NZR may not like the fact that the strength of the All Blacks and indeed New Zealand rugby is inextricably linked to the comparative strength of the Wallabies and Australian rugby, but it's an inconvenient truth they have to embrace.
In the last 12 years, the All Blacks have played the Wallabies 39 times - a figure which comprises almost one-quarter of all the tests they have played in that period.
By comparison, they played England 13 times in that same period and Ireland 12 times. Even South Africa, who are cited as the All Blacks' oldest and truest rival, feature nowhere near as often as the Wallabies in the test schedule.
The All Blacks played the Boks 27 times between 2008 and 2019 and there is no getting away from the fact that Australia wields real power in New Zealand rugby.
The Wallabies are always going to form a significant component of the All Blacks' playing schedule. No matter how the set-up of the world game evolves, the Bledisloe Cup is going to remain a vital part of New Zealand's calendar and there are three tests already locked in for next year with the opener heading to Melbourne for the first time since 2010.
These tests are financially sustainable. When New Zealand hosts two Bledisloe tests in a calendar year they pocket an estimated $6million in the process.
The Wallabies may have been the drunken uncle at the wedding for the last decade, but they still drive an audience. And across the Tasman stadiums are rarely sold out for tests but the All Blacks at least ensure the number of empty seats is less than it normally is.
In Perth this year the stadium was actually full for Bledisloe One and there is some confidence across the Tasman that despite the general doom and gloom hovering over the sport, that both tests in Melbourne and Brisbane will sell out.
So everyone has to face it and embrace it – Rugby Australia is New Zealand Rugby's most important strategic partner. The Wallabies are the All Blacks' most important rival and the stronger they become, the better it will be for both nations.
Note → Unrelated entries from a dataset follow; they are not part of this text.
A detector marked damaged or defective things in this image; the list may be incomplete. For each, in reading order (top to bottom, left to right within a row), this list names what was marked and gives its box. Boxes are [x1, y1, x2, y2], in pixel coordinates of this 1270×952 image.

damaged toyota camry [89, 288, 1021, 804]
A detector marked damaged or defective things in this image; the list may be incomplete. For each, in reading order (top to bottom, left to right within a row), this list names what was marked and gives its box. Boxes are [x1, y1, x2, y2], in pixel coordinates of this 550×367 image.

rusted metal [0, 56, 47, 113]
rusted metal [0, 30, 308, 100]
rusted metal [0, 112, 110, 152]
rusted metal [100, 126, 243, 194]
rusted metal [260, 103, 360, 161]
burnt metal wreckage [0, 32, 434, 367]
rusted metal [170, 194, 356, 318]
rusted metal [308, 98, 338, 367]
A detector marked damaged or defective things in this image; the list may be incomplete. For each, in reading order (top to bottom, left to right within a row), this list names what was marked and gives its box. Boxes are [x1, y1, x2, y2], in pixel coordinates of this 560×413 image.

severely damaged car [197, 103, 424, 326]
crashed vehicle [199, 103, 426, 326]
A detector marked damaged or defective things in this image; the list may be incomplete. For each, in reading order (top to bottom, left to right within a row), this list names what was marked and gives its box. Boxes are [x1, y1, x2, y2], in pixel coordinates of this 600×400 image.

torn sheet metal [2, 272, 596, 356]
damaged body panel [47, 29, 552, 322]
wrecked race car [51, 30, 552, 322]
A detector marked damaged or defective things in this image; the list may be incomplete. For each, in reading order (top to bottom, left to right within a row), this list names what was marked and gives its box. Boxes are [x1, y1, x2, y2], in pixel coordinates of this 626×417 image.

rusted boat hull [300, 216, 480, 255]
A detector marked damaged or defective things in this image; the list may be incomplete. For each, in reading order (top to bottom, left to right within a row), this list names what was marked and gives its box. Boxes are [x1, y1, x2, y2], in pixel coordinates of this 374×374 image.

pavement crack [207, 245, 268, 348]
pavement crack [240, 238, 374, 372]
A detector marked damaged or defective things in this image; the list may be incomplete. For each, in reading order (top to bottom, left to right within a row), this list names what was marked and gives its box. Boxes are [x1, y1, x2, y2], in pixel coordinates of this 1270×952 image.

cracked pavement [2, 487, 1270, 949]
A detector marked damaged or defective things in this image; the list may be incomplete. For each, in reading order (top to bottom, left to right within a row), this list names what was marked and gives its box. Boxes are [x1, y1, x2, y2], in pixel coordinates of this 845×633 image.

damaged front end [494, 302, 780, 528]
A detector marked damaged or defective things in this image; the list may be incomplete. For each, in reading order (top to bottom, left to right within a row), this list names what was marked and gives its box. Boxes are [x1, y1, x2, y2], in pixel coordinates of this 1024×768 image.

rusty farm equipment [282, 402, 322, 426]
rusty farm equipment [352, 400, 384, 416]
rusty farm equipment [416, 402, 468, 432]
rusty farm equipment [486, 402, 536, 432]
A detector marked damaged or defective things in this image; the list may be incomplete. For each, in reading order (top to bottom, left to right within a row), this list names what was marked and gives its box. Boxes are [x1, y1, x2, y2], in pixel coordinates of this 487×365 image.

Of those 39 tests played since 2008, the All Blacks won 30 and there were two draws. But those numbers don't reveal the true dominance enjoyed by New Zealand.
It wasn't just that they won 82 per cent of the tests, the All Blacks rarely came under genuine pressure to retain the cup.
Only three times in that period – 2011, 2015 and 2019 – did the All Blacks have to win the last test of the series to keep the Bledisloe. And of course, these were three World Cup years when they partly had their eye on the bigger picture and the series was truncated to two games.
Too often the All Blacks had it too easy. There were occasional tight, gripping games such as the epic encounters in Brisbane 2008 and 2014 as well as Dunedin in 2017, but the average score across the period was 30-18 which fairly accurately reflects the gap between the two.
The Bledisloe has survived, rather than thrived in the last 12 years and to do the latter, it needs a step-change in the Wallabies.
The intensity has to be rebuilt and the battles need a level of consistency that has escaped them since 2008.
Cue Rennie – a campaign coach if ever there was one. The Wallabies need his steady hand and ability to ensure that standards don't drop.
His impact may not be felt immediately such is the dire state of things in Australia, but it will be felt.
He has the potential to return the Wallabies to being somewhere close to their true selves and to force the All Blacks to lift their game and innovate to keep winning.
NZR's giant mistake in leaving their All Blacks coaching appointment so late in the piece, may turn out in time to be an inadvertent tactical master-stroke.